(Source material begins)

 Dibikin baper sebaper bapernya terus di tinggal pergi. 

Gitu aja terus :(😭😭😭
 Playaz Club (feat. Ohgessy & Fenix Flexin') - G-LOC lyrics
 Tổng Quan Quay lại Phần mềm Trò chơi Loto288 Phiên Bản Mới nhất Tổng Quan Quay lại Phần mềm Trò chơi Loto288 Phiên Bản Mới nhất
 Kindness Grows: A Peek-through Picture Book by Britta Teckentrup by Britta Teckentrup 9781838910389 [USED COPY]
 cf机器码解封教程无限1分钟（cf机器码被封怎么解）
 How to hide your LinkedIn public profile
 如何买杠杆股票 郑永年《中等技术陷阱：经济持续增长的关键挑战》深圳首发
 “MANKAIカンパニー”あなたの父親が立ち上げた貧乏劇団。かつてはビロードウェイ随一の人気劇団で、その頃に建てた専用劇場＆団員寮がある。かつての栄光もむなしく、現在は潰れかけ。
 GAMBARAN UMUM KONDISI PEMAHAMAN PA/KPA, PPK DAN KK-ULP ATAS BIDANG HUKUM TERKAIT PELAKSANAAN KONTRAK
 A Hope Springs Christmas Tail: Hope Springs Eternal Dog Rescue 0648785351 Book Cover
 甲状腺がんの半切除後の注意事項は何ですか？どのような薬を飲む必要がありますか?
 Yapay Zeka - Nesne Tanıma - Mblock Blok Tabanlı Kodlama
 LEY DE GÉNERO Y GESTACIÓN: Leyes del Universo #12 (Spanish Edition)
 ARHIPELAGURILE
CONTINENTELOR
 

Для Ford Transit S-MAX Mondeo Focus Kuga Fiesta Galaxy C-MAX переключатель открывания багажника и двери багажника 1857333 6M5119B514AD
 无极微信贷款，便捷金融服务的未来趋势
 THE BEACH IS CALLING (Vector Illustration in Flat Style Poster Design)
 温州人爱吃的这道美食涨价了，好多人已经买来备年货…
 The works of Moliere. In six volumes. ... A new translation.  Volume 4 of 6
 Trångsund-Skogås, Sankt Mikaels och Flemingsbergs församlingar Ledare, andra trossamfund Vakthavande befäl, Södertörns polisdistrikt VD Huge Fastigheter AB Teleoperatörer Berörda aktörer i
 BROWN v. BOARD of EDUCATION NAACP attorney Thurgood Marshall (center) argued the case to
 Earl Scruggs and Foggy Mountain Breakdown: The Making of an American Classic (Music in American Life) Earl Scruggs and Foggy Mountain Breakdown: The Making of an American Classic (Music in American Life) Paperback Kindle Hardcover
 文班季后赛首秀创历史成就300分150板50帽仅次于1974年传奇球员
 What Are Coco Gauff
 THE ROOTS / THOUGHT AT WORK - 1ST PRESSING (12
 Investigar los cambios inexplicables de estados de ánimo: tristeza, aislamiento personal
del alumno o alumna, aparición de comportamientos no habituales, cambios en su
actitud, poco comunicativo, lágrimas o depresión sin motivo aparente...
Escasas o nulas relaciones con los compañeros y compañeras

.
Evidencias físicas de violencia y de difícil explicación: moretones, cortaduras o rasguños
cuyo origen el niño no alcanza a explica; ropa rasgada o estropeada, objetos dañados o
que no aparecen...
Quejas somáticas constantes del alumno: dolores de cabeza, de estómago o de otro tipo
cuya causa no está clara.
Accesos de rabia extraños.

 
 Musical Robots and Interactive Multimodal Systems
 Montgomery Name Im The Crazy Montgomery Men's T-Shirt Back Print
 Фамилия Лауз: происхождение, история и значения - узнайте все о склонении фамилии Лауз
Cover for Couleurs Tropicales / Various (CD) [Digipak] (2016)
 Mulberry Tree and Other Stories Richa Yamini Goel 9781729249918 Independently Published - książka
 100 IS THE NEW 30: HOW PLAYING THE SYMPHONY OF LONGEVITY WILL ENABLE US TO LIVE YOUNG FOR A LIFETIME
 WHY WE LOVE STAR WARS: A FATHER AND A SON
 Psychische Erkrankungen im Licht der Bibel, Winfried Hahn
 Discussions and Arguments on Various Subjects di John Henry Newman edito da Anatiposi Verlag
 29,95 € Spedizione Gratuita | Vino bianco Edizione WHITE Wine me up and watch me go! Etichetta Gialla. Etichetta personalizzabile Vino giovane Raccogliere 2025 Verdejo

(Source material ends)

● **Exercise details**: Reproduce the whole listing above exactly.

● **Task result**:
 Dibikin baper sebaper bapernya terus di tinggal pergi. 

Gitu aja terus :(😭😭😭
 Playaz Club (feat. Ohgessy & Fenix Flexin') - G-LOC lyrics
 Tổng Quan Quay lại Phần mềm Trò chơi Loto288 Phiên Bản Mới nhất Tổng Quan Quay lại Phần mềm Trò chơi Loto288 Phiên Bản Mới nhất
 Kindness Grows: A Peek-through Picture Book by Britta Teckentrup by Britta Teckentrup 9781838910389 [USED COPY]
 cf机器码解封教程无限1分钟（cf机器码被封怎么解）
 How to hide your LinkedIn public profile
 如何买杠杆股票 郑永年《中等技术陷阱：经济持续增长的关键挑战》深圳首发
 “MANKAIカンパニー”あなたの父親が立ち上げた貧乏劇団。かつてはビロードウェイ随一の人気劇団で、その頃に建てた専用劇場＆団員寮がある。かつての栄光もむなしく、現在は潰れかけ。
 GAMBARAN UMUM KONDISI PEMAHAMAN PA/KPA, PPK DAN KK-ULP ATAS BIDANG HUKUM TERKAIT PELAKSANAAN KONTRAK
 A Hope Springs Christmas Tail: Hope Springs Eternal Dog Rescue 0648785351 Book Cover
 甲状腺がんの半切除後の注意事項は何ですか？どのような薬を飲む必要がありますか?
 Yapay Zeka - Nesne Tanıma - Mblock Blok Tabanlı Kodlama
 LEY DE GÉNERO Y GESTACIÓN: Leyes del Universo #12 (Spanish Edition)
 ARHIPELAGURILE
CONTINENTELOR
 

Для Ford Transit S-MAX Mondeo Focus Kuga Fiesta Galaxy C-MAX переключатель открывания багажника и двери багажника 1857333 6M5119B514AD
 无极微信贷款，便捷金融服务的未来趋势
 THE BEACH IS CALLING (Vector Illustration in Flat Style Poster Design)
 温州人爱吃的这道美食涨价了，好多人已经买来备年货…
 The works of Moliere. In six volumes. ... A new translation.  Volume 4 of 6
 Trångsund-Skogås, Sankt Mikaels och Flemingsbergs församlingar Ledare, andra trossamfund Vakthavande befäl, Södertörns polisdistrikt VD Huge Fastigheter AB Teleoperatörer Berörda aktörer i
 BROWN v. BOARD of EDUCATION NAACP attorney Thurgood Marshall (center) argued the case to
 Earl Scruggs and Foggy Mountain Breakdown: The Making of an American Classic (Music in American Life) Earl Scruggs and Foggy Mountain Breakdown: The Making of an American Classic (Music in American Life) Paperback Kindle Hardcover
 文班季后赛首秀创历史成就300分150板50帽仅次于1974年传奇球员
 What Are Coco Gauff
 THE ROOTS / THOUGHT AT WORK - 1ST PRESSING (12
 Investigar los cambios inexplicables de estados de ánimo: tristeza, aislamiento personal
del alumno o alumna, aparición de comportamientos no habituales, cambios en su
actitud, poco comunicativo, lágrimas o depresión sin motivo aparente...
Escasas o nulas relaciones con los compañeros y compañeras

.
Evidencias físicas de violencia y de difícil explicación: moretones, cortaduras o rasguños
cuyo origen el niño no alcanza a explica; ropa rasgada o estropeada, objetos dañados o
que no aparecen...
Quejas somáticas constantes del alumno: dolores de cabeza, de estómago o de otro tipo
cuya causa no está clara.
Accesos de rabia extraños.

 
 Musical Robots and Interactive Multimodal Systems
 Montgomery Name Im The Crazy Montgomery Men's T-Shirt Back Print
 Фамилия Лауз: происхождение, история и значения - узнайте все о склонении фамилии Лауз
Cover for Couleurs Tropicales / Various (CD) [Digipak] (2016)
 Mulberry Tree and Other Stories Richa Yamini Goel 9781729249918 Independently Published - książka
 100 IS THE NEW 30: HOW PLAYING THE SYMPHONY OF LONGEVITY WILL ENABLE US TO LIVE YOUNG FOR A LIFETIME
 WHY WE LOVE STAR WARS: A FATHER AND A SON
 Psychische Erkrankungen im Licht der Bibel, Winfried Hahn
 Discussions and Arguments on Various Subjects di John Henry Newman edito da Anatiposi Verlag
 29,95 € Spedizione Gratuita | Vino bianco Edizione WHITE Wine me up and watch me go! Etichetta Gialla. Etichetta personalizzabile Vino giovane Raccogliere 2025 Verdejo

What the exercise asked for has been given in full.